>>>>>

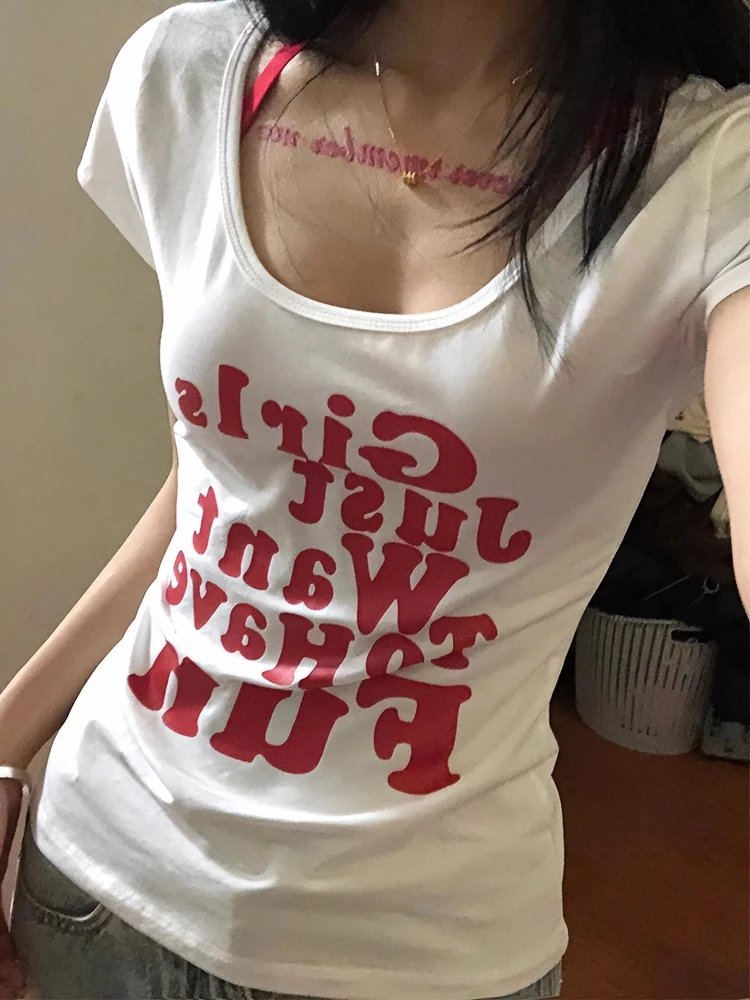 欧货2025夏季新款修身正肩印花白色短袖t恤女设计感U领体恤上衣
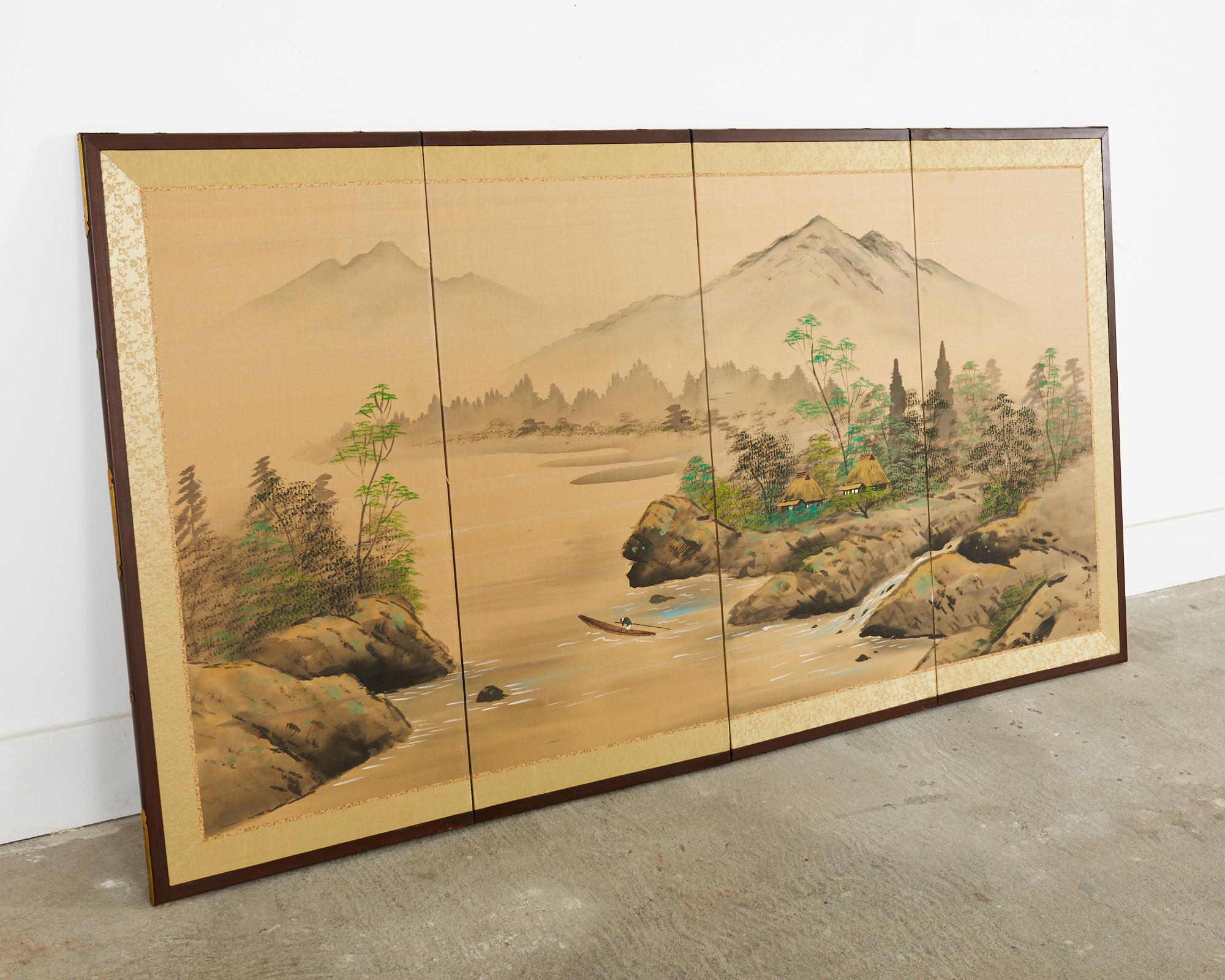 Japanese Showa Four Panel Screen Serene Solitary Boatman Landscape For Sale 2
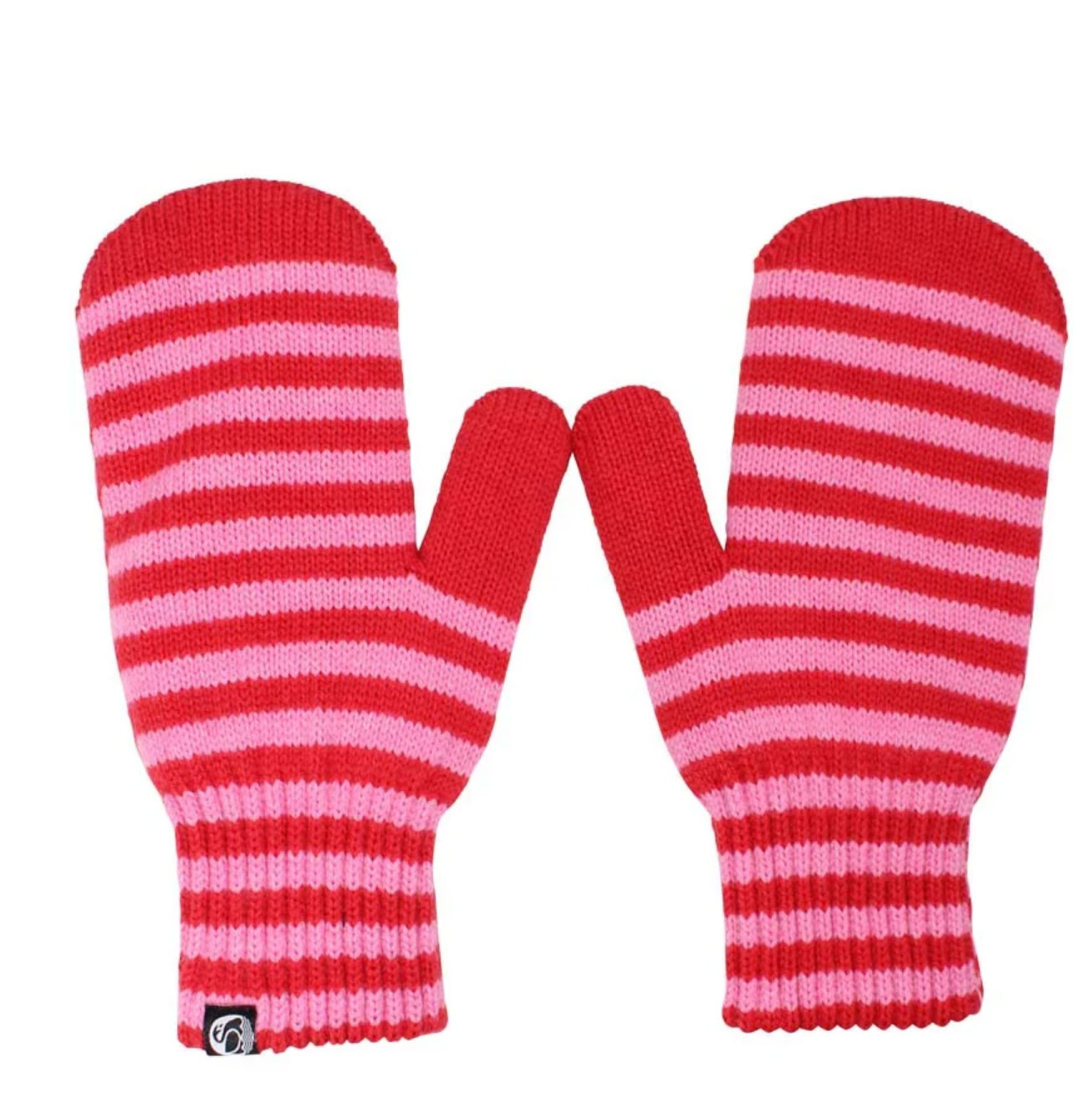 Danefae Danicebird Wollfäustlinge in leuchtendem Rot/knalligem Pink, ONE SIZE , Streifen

<<<<<
>>>>>

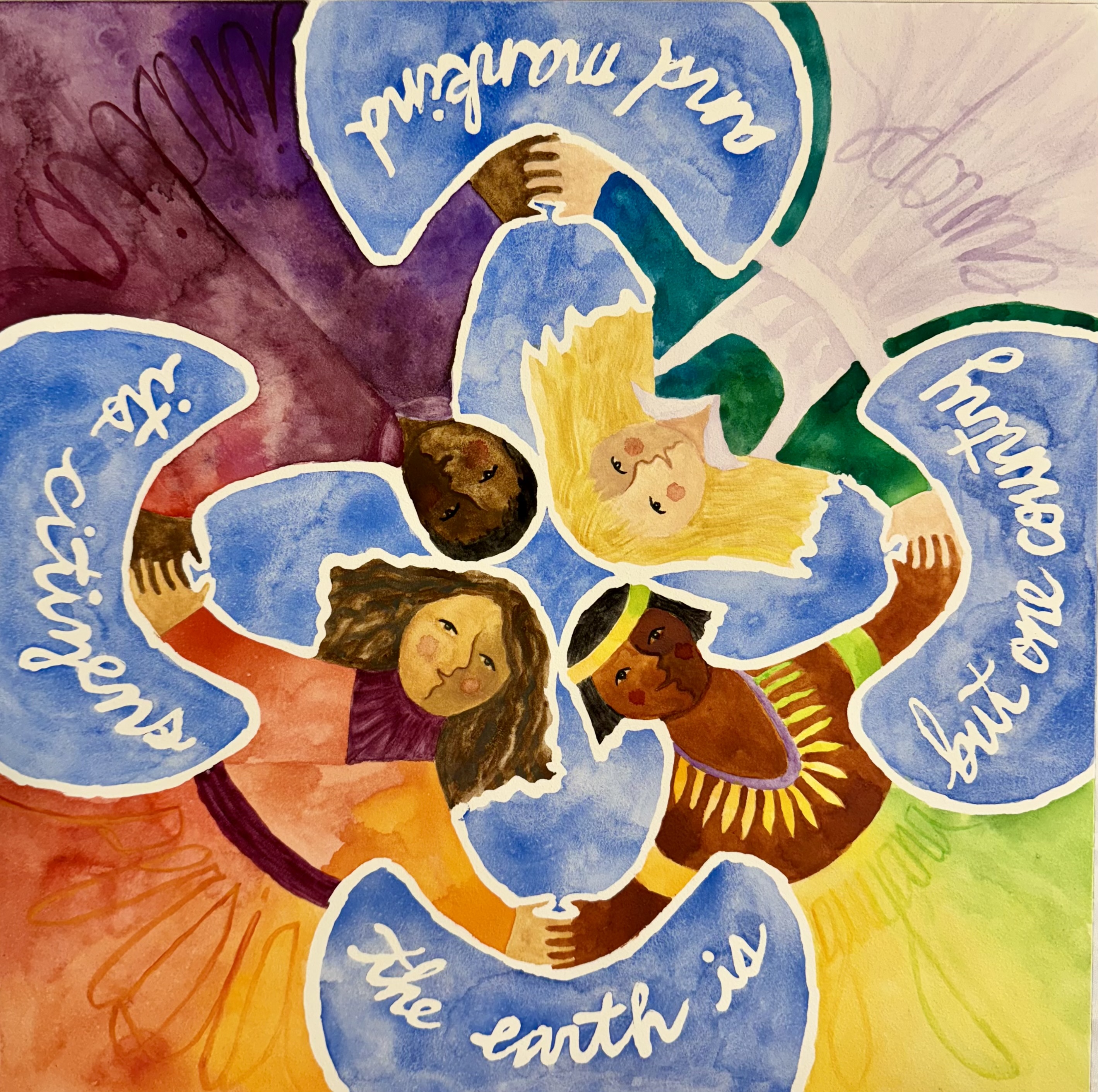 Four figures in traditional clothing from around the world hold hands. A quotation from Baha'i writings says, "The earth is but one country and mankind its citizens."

<<<<<

● **Task directions**: From the records above, copy only the lines running from the line containing "Japanese Showa Four" to the line containing "Danefae Danicebird Wollfäustlinge", both ends included. Leave the pictures out.

● **Response area**:
 Japanese Showa Four Panel Screen Serene Solitary Boatman Landscape For Sale 2
 Danefae Danicebird Wollfäustlinge in leuchtendem Rot/knalligem Pink, ONE SIZE , Streifen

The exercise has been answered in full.